情報活用による効率化、情報を活用している人々の営みについての学習を通して、持続可能な産業の発展や地域創生の視点から未来に希望を持つ子どもの姿を目指す。
◆本単元の目標
わが国の産業と情報の関わりについての学習について、情報の種類、情報活用の仕方に着目して、セコマの情報活用に関わる具体的資料で調べてまとめ、産業と情報活用の様子を捉え、情報を活用して発展した産業が国民生活に果たす役割を考え、表現することを通して、情報活用して生産・販売・配送を結び付けて物流を構成することは地域の生活を維持したり、関連産業を発展させたりすることを理解できるようにする。
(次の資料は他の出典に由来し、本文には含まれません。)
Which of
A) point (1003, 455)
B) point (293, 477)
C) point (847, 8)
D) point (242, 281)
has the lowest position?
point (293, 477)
また、セコマの物流を支える堤さんの営みを知り、情報活用による国民生活の向上について日常生活の豊かさや地域の活性化など多角的に捉えようとする態度を養う。
◆本時のねらい
セコマが情報を加工して送信する、顧客情報を活用するなどの情報活用している事例についての話合いを通して、全店舗でのサービスを向上させたり個別のニーズに応えたりすることで国民生活を向上させていることについて考え、表現している。
◆本時の展開
【子どもの主な活動】
〈問いを生む場〉
〈既習〉
▽データベース
・顧客、販売、発注など、各種情報
・年齢、性別など、一つ一つが大切
〈新事実〉
▽送られる情報
・項目はバラバラ
・年齢、性別などがない部署もある
・部署ごとに違う
▽工場
・エリアごとの発注数
▽配送センター
・店舗ごとの発注数
▽店舗
・特売情報、売上予想
▽商品部
・詳細な販売情報
▽「全ての項目が大切なはずなのに、全部バラバラだ!」
▼課題「(集めた情報の一つ一つが大切なはずなのに)セイコーフレッシュフーズ専務の堤豪気さんたちは、なぜ、部署ごとにバラバラのデータを送っているのか?」
〈考えをつなぐ場〉
▽店舗
・発注しやすくなる
・たくさん売るための工夫がしやすい
▽商品部
・商品が売れる条件が分かる
・特売などを計画できる
▽配送センター
・在庫や工場から届く商品を管理できる
・各店舗へ配送準備できる
▽工場
・配送に間に合うように生産できる
・エリアごとに準備できる
▼まとめ「それぞれに必要な情報を送ることで仕事の効率をよくして“生産”“配送”“販売”が結び付くようにしている」
〈吟味・検証・再考する場〉
▽商品部・店舗
・値上がりした商品を変更、新商品の売れ行きは良い
・「変更が成功しているのに…」
▽お客さん
・変更前の商品を置いて欲しいという手紙を出す
・「どんなお客さんなんだろう」
▽堤さん
・「情報活用して、復活を決めました。決め手は、顧客情報です」
・毎週、セコマで買い物している
・その商品をほぼ毎回買っている
▽商品が売れる
・値上がりしても、買ってくれる
・他の商品も買ってくれる
・全店舗でお客全体に
▽お客さんを大切に
・常連さんの願いを叶えたい
・また来てくれるように
・個人のニーズに答える
▼まとめ「セコマは情報活用により全店舗に商品を揃えたり、個別のニーズに応えたりすることで、高い顧客満足度を得ているんだね」
【教師の具体的な手だて】
〈問いを生む場〉
▽収集した情報の項目一つ一つが大切という既習と、部署ごとに加工されて送信されている事実の比較から問いを生む
▽送られてきた情報の比較から、仕事内容と関連付けて考えられるよう見通しをもてるよう関わる
〈考えをつなぐ場〉
▽立場ごとに必要な情報と仕事について、ICTを用いて意見を共有していく
▽発注から商品が店舗に届くまでの時間の経過に着目して考えることで、部署ごとの仕事の効率化と、顧客満足度への影響を関係付けて捉えられるようにする。
〈吟味・検証・再考する場〉
▽なぜ、個別の要求に応じたのか、セコマの顧客情報活用の視点から考えられるよう関わる
▽情報活用によって全体へのサービスと個別ニーズへの対応のどちらも向上させ、高い顧客満足度を得ていることを捉えられるようにする
▼評価
▽「情報活用と顧客満足度
向上の関係を捉えているか、スクールタクトの記録や発言内容から評価する
(札幌市 2022-12-14付)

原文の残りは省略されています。